Publié le : lundi 24 avril 2017

Source : Cour d’appel de Dijon

Date : 09 mars 2017

Extraits :

« Par ses conclusions du 5 décembre 2016 valablement développées à l’audience par M. Gilles B., directeur des affaires juridiques, qui a reçu pouvoir à cet effet, l’appelant demande à la cour d’infirmer en toutes ses dispositions l’ordonnance déférée, de dire que la présomption de minorité à l’égard de M. K. D. est renversée, d’ordonner la mainlevée de la mesure de tutelle et de réserver les dépens.

Le président du Conseil départemental fait valoir que, face à l’afflux de personnes qui se prétendent "mineurs non accompagnés", il importe pour lui de réserver le bénéfice de structures d’accueil et de procédures réservées aux mineurs à ces seuls mineurs.

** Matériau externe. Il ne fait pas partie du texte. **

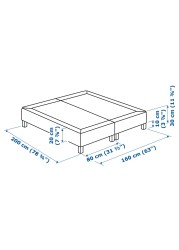 ESPEVÄR Slatted mattress base with legs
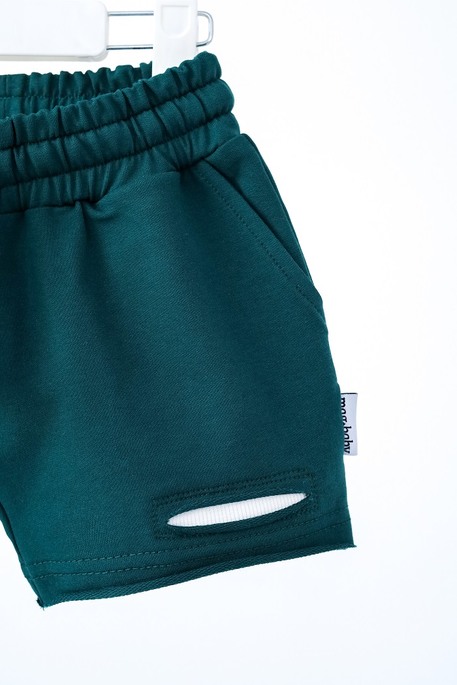 Удлиненные шорты Henry, Темно-зеленые - фото 3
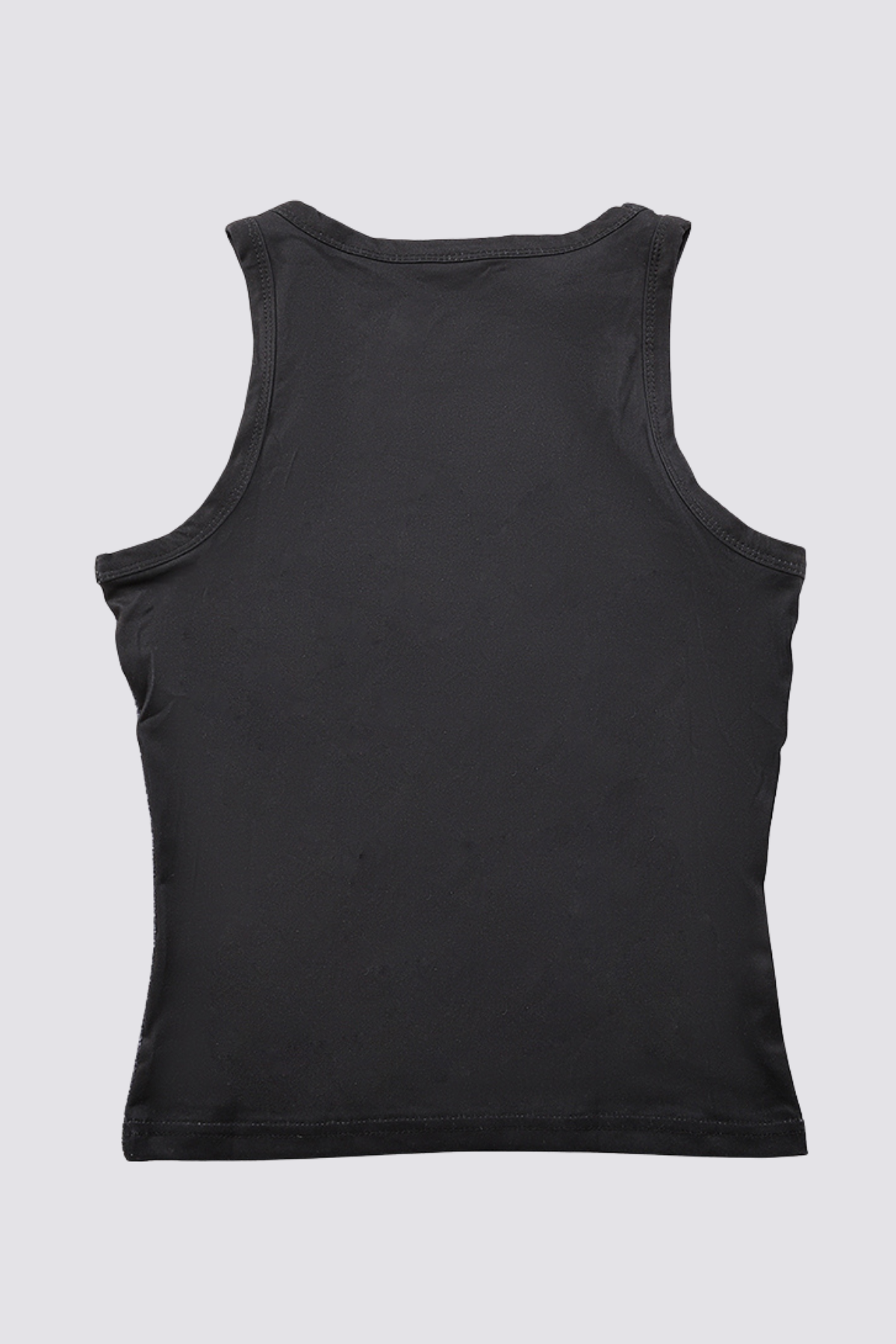 Midriff Wave Print Crop Top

Systématiser l’accueil, c’est aussi prendre le risque de placer un adulte dans un même lieu d’accueil, à savoir l’Hôtel Escatel, que des mineurs que le Département a la mission de protéger. Par ailleurs, la construction identitaire d’une personne est problématique lorsqu’elle est placée et accompagnée comme un mineur alors qu’en réalité elle est adulte et qu’elle se retrouve obligée d’être sans cesse dans le mensonge.

S’agissant des résultats de l’évaluation, le rapport établi suite aux entretiens avec M. K. D. laisse apparaître diverses réserves qui n’ont pas emporté la conviction de l’appelant quant à la totale sincérité du récit. Il observe que les conditions d’obtention de son extrait d’acte de naissance sont quelque peu rocambolesques et interrogent sur leur crédibilité. Ce serait sur les conseils d’un ami de classe plus âgé que lui qu’il se serait rendu au domicile de ses parents, décédés dans un accident de la route, et aurait trouvé ce document en reconnaissant son nom dessus. Certaines incohérences transparaissent dans le rapport étant donné que les travailleurs sociaux ont pu constater que K. est en mesure de déchiffrer un mot simple et de réaliser des opérations mathématiques simples. Pourtant lorsque K. évoque sa traversée de la Méditerranée, il indique : "moi je sais pas compter". Au cours de son récit, M. K. D. fait état de l’aide matérielle et financière dont il aurait bénéficié tout au long de son parcours. Tout d’abord jusqu’à son arrivée en Italie, l’ensemble du trajet aurait été organisé par son ami de classe plus âgé que lui, M. D..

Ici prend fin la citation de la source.